Identify flaws (if any) in the design of the research, and in the analysis and interpretation of results.

  • Ad Fig. 3: To my knowledge, phylogenetic relationships derived from ITS1 and ITS2 sequences become unreliable above class level. If the authors want to include this figure, I would suggest to use LSU sequences instead.
  • Ad "Analysis of real samples" (lines 449 ff.): Results are only discussed in the context of marker choice. This might be missleading. In the case of missing Yarrowia and Candida species when using the ITS1 marker, this can more likely be attributed to the primers used (ITS1F and ITS2) which have known missmatches to those taxa (see Tedersoo and Lindahl, 2016).

Expose your concerns (if any) about ethics or scientific misconduct.

  • No concerns.

State the preprint’s strengths as well as its weaknesses. Try to consider both the technical merit and the scientific significance.
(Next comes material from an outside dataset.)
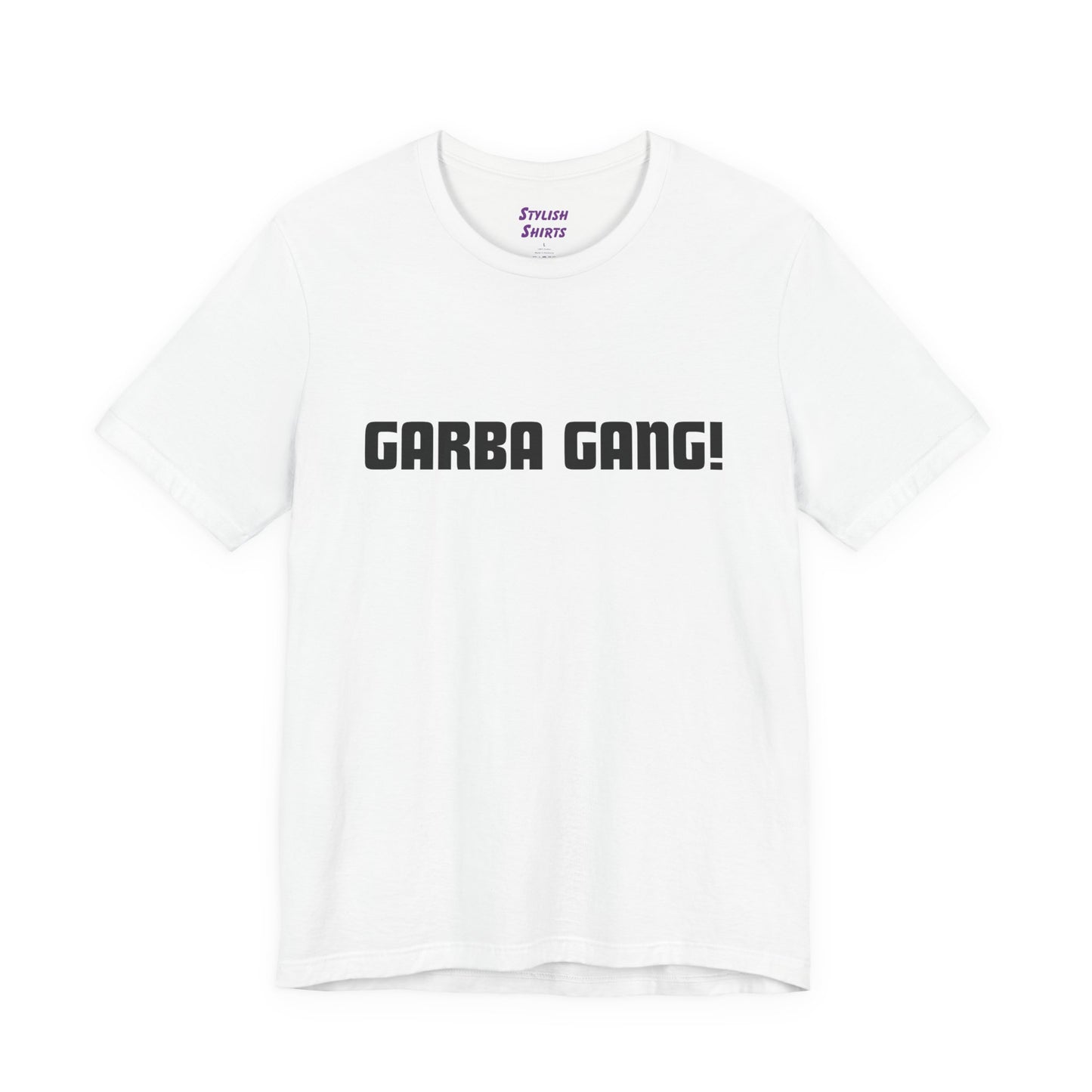 a white shirt that says garba gang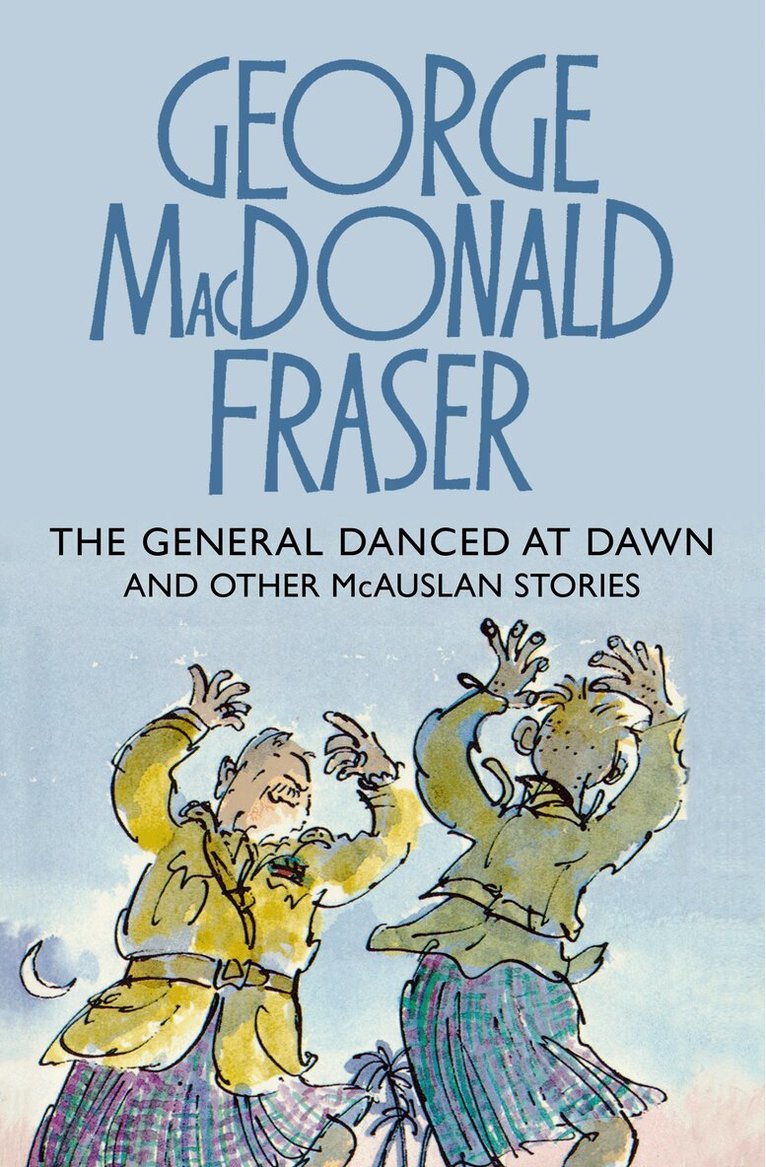 George MacDonald Fraser - General Danced at Dawn, E-bok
  • An unsolved issue in short-read metabarcoding of fungi is the length polymorphism of ITS1 and ITS2 sequences which commonly leads to the exclusion of taxa with longer variants of those markers. The authors of FROGS introduce a novel approach to solve this issue and, based on simulated data, show that this leads to higher recovery rates of fungal taxa without compromising on precision in the taxonomic classification of the fungal community. In this preprint, this approach is extended to four barcoding marker sites (of which one is out of range for the short-read sequencing platforms) and four fungal mock communities of fermented foods. While not completely novel to this preprint it is a promising methodological approach which has potential to improve the general practice in the metabarcoding of fungi and should be promoted.
  • The preprint is very detailed on the technical side of things but rather brief concerning the biological backgrouns and the presentation of the results for real food samples. Thus, the motivation for this study is not very clear. The comparison of the results of fermented food samples is purely descriptive and and limited to a few selected findings which are only attributed to targeted marker sites. As mentioned briefly by the authors, primer bias is another important factor and should be included. A graphical representation of these results is missing.

If there is something critically missing, report it.
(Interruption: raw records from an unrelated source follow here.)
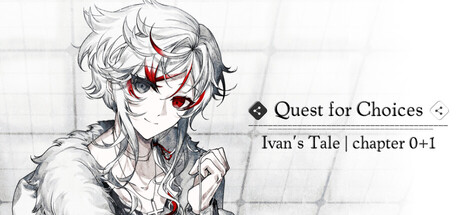Quest for Choices: Ivan's Tale｜Chapter 0+1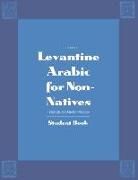 Levantine Arabic for Non-Natives: A Proficiency-Oriented Approach
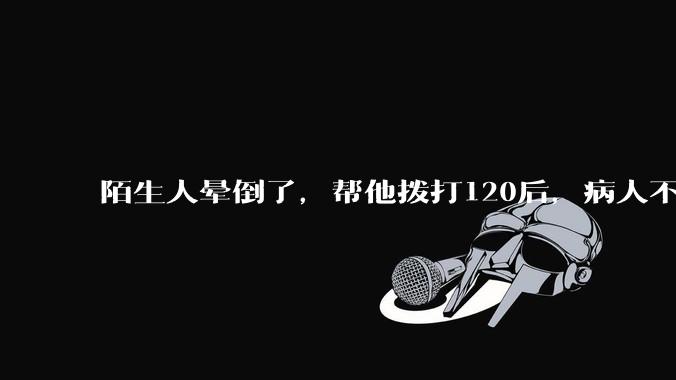 陌生人晕倒了，帮他拨打120后，病人不支付120出车费，这个费用谁来承担？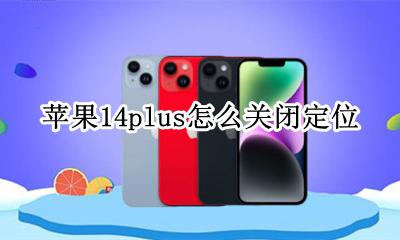 苹果14定位在哪 苹果14plus怎么关闭定位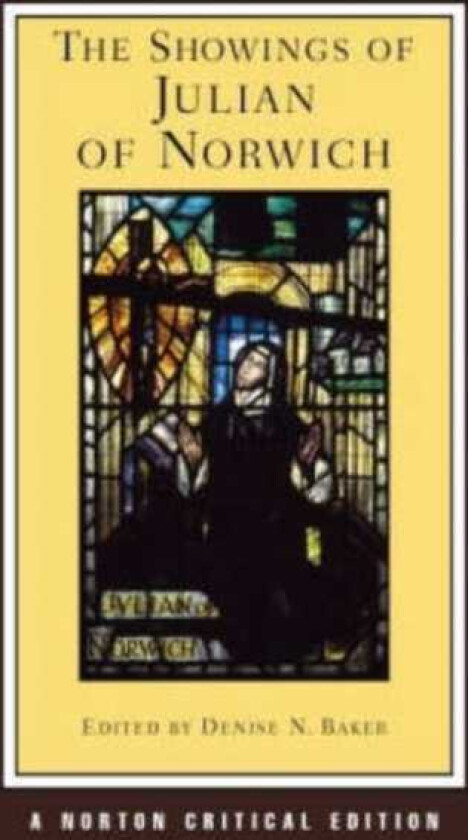 The Showings of Julian of Norwich A Norton Critical Edition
  • Lines 125 ff.: A key component of this study are fungal mock communities representative for fermented meat, wine, cheese and sourdough. The authors write that the selection of those species was "based on an inventory of the most frequently described species in the literature". Yet, neither references for the literature sources used for that purpose nor further methodological insight how these species were selected are given.
  • Lines 294 ff.: Which algorithms were used here? UPARSE or UNOISE (i.e. OTU- or ZOTU delineation)? If UPARSE the comparison of perfectly reconstructed sequences (Fig. 5) would not be sound since OTUs would be compared to ASVs. Similarly, was QIIME2 used with the DADA2 plugin or using a OTU clustering algorithm?

Provide specific suggestions for improvements.

  • Ad Fig. 5: In my opinion, the outcomes of the benchmark of the pipelines used would be more clear and transparent if the results from all four marker sites would be presented separately and not mixed together.
  • Consider re-running some of the analyses using the current version of UNITE (v9.0). The version used here is >2 years old and since then ~9x more fungal sequences and >25% more fungal reference sequences have been added to the database.
  • Colours with better contrast could be picked in the Fig. 8 to discriminate partially and perfectly reconstructed sequences.